Once you find the line with "Rita Boachie" in the entries below, return exactly every line from it through the line with "motone-15188469".

DATASET ENTRIES:
----------

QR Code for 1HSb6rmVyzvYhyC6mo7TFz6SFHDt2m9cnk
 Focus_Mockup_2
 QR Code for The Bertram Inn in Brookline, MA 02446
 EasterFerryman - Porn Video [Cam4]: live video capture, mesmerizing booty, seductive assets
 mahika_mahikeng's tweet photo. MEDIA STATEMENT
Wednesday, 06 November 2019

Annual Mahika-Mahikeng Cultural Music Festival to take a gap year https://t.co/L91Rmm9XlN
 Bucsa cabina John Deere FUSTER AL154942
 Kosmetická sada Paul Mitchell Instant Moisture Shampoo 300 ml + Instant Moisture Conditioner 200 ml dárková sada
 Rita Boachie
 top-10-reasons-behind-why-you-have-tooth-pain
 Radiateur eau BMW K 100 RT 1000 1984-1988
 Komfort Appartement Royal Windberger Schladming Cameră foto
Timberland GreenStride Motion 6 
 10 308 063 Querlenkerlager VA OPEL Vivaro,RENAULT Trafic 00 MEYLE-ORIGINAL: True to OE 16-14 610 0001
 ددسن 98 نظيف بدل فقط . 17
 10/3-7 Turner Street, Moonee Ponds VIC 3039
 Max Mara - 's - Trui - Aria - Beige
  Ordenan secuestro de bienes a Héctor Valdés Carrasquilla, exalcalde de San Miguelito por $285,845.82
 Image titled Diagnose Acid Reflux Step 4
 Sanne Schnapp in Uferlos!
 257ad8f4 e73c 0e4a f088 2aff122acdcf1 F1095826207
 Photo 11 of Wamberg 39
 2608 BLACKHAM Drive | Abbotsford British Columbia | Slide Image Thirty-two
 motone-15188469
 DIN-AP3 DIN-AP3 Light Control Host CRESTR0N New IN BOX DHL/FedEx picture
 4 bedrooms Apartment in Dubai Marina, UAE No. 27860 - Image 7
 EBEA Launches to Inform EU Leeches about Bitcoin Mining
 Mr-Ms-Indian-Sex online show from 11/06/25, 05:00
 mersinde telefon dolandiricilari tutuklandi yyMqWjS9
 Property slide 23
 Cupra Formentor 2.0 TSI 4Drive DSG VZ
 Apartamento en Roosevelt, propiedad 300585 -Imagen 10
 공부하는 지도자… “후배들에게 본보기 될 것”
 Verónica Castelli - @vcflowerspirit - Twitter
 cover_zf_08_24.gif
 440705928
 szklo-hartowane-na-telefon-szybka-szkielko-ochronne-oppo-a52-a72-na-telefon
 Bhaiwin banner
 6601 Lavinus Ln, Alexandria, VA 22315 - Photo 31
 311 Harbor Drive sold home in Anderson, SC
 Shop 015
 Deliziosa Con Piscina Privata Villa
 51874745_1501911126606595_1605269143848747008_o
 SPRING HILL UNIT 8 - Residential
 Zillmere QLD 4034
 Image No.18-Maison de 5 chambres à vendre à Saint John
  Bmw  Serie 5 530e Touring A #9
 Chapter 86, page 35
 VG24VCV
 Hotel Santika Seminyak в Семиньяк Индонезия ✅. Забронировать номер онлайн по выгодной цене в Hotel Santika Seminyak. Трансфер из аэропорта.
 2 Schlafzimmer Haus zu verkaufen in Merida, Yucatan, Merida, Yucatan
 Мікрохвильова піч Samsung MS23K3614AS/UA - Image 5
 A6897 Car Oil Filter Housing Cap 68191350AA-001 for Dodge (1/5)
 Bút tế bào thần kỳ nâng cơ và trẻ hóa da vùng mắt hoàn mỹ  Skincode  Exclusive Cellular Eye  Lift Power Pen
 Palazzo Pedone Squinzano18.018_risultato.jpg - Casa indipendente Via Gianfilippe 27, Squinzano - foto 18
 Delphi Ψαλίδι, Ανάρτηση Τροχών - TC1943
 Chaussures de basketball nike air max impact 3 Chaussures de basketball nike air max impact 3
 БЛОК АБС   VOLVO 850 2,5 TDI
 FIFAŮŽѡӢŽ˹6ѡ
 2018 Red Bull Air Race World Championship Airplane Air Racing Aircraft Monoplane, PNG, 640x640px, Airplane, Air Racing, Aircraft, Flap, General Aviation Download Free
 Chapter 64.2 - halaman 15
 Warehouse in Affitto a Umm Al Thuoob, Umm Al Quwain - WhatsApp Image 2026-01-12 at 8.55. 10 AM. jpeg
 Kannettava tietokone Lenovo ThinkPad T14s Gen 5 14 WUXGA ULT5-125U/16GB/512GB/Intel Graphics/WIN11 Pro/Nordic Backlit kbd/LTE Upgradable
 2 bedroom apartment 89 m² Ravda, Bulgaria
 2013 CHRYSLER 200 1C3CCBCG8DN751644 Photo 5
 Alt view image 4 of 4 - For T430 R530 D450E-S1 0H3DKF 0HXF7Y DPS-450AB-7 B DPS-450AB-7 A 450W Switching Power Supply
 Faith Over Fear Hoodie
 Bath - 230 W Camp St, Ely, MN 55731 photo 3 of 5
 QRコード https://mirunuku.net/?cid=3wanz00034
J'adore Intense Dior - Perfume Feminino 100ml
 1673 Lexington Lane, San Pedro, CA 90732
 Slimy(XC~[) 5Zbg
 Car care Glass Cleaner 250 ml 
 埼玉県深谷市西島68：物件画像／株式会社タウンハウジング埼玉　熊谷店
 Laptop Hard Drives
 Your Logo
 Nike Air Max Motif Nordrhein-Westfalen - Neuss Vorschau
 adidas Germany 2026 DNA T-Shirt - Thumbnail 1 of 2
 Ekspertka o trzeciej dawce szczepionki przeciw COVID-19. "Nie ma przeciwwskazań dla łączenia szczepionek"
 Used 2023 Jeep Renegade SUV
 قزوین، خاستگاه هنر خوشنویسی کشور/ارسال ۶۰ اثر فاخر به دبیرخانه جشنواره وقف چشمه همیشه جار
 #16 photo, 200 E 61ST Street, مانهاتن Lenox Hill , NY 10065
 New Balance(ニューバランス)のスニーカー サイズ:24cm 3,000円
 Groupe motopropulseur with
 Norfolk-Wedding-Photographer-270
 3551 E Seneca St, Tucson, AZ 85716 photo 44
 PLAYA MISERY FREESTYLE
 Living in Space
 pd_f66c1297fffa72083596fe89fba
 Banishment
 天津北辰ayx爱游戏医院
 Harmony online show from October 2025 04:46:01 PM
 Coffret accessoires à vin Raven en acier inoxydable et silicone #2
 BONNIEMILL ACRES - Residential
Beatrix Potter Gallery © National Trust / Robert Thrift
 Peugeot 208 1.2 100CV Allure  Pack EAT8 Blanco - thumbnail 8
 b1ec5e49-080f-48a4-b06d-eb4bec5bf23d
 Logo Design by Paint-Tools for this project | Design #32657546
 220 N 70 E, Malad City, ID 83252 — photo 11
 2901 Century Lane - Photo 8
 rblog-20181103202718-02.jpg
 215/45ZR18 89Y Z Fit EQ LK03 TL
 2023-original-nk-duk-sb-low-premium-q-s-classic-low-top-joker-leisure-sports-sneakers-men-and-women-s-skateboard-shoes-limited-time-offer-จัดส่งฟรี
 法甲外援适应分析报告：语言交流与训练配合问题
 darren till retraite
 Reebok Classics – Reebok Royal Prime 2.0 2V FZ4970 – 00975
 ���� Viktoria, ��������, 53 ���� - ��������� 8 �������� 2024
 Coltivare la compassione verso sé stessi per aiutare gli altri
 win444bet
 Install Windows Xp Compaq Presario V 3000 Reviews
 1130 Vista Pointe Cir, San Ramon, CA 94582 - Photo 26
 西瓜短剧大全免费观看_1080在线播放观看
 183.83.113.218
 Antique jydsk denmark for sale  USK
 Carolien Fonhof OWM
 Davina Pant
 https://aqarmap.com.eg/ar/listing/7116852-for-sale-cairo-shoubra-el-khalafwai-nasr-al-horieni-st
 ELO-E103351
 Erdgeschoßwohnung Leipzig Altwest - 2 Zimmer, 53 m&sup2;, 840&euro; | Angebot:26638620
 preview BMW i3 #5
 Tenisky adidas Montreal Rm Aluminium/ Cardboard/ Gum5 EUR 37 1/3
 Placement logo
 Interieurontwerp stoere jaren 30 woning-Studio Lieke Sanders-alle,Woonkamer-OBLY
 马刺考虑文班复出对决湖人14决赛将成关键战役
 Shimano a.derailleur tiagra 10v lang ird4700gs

----------

COMPLETED TASK:
 Rita Boachie
 top-10-reasons-behind-why-you-have-tooth-pain
 Radiateur eau BMW K 100 RT 1000 1984-1988
 Komfort Appartement Royal Windberger Schladming Cameră foto
Timberland GreenStride Motion 6 
 10 308 063 Querlenkerlager VA OPEL Vivaro,RENAULT Trafic 00 MEYLE-ORIGINAL: True to OE 16-14 610 0001
 ددسن 98 نظيف بدل فقط . 17
 10/3-7 Turner Street, Moonee Ponds VIC 3039
 Max Mara - 's - Trui - Aria - Beige
  Ordenan secuestro de bienes a Héctor Valdés Carrasquilla, exalcalde de San Miguelito por $285,845.82
 Image titled Diagnose Acid Reflux Step 4
 Sanne Schnapp in Uferlos!
 257ad8f4 e73c 0e4a f088 2aff122acdcf1 F1095826207
 Photo 11 of Wamberg 39
 2608 BLACKHAM Drive | Abbotsford British Columbia | Slide Image Thirty-two
 motone-15188469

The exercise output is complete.